Melissa Harris Perry opens her book “Sister Citizen” with the report on the Crooked Room (and you can read it here), about how black women, confronting race and gender stereotypes, encounter a skewed world view, and they have to figure out what is the actual truth. 

She spoke at the Princeton Public Library last month (shown on a live feed above). 

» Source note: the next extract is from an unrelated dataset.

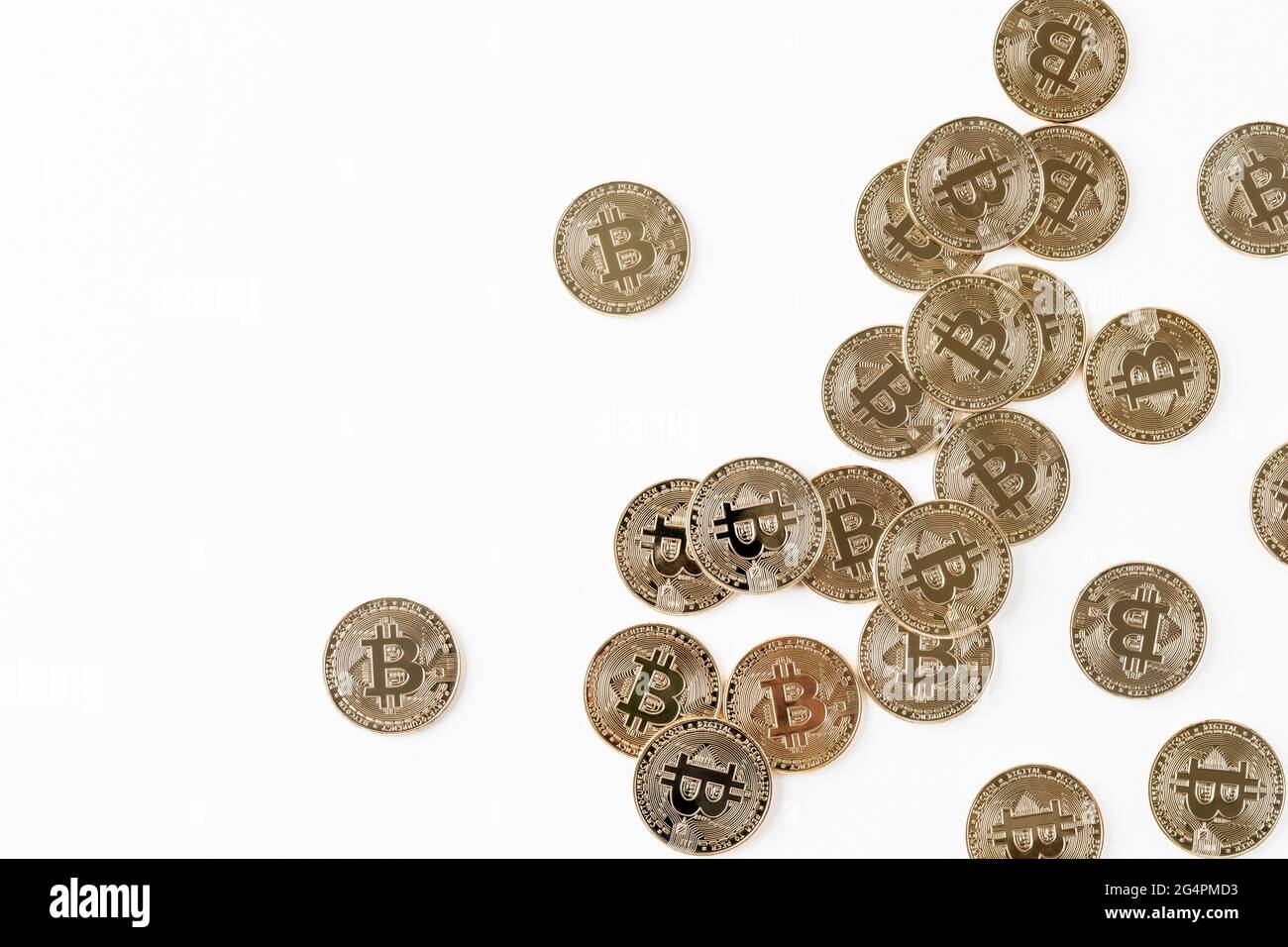 piled, spread bitcoin object, cryptocurrency concept Stock Photo - Alamy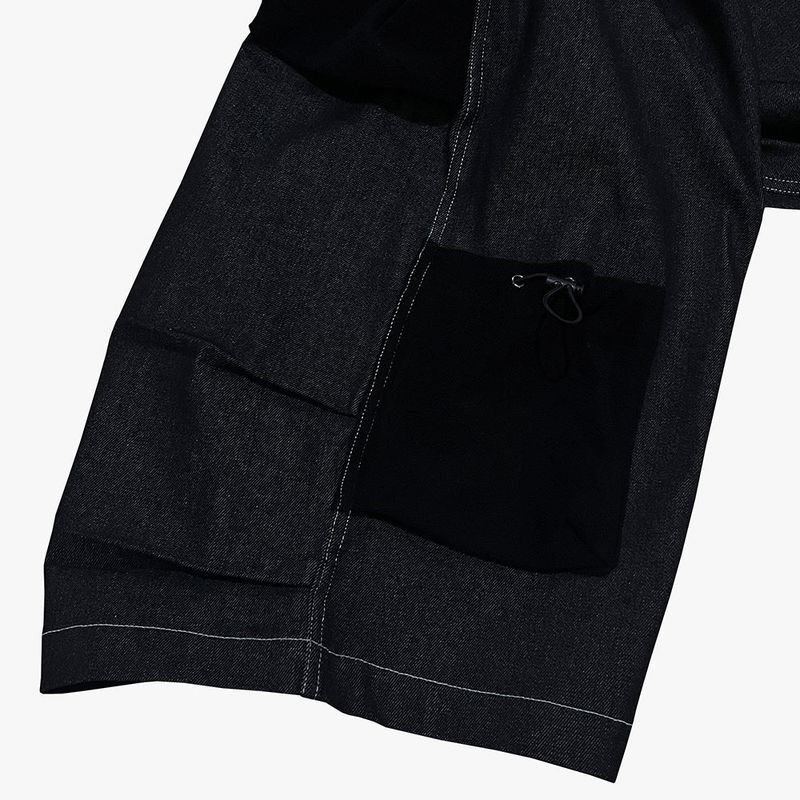 reverse terry pocket denim capri shorts_black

Join Not in Our Town Princeton at the Princeton Public Library on Monday, November 7, at 7:30 p.m., for another in the “Continuing Conversations on Race” series, a discussion of some of the ideas in this book. From the publisher’s description:

Jezebel’s sexual lasciviousness, Mammy’s devotion, and Sapphire’s outspoken anger—these are among the most persistent stereotypes that black women encounter in contemporary American life. Hurtful and dishonest, such representations force African American women to navigate a virtual crooked room that shames them and shapes their experiences as citizens. Many respond by assuming a mantle of strength that may convince others, and even themselves, that they do not need help. But as a result, the unique political issues of black women are often ignored and marginalized.
In this groundbreaking book, Melissa V. Harris-Perry uses multiple methods of inquiry, including literary analysis, political theory, focus groups, surveys, and experimental research, to understand more deeply black women’s political and emotional responses to pervasive negative race and gender images. Not a traditional political science work concerned with office-seeking, voting, or ideology, Sister Citizen instead explores how African American women understand themselves as citizens and what they expect from political organizing. Harris-Perry shows that the shared struggle to preserve an authentic self and secure recognition as a citizen links together black women in America, from the anonymous survivors of Hurricane Katrina to the current First Lady of the United States.

You do not need to have read “Sister Citizen” to participate. Nancy Strong and Barbara Fox will facilitate the discussion, and all are welcome.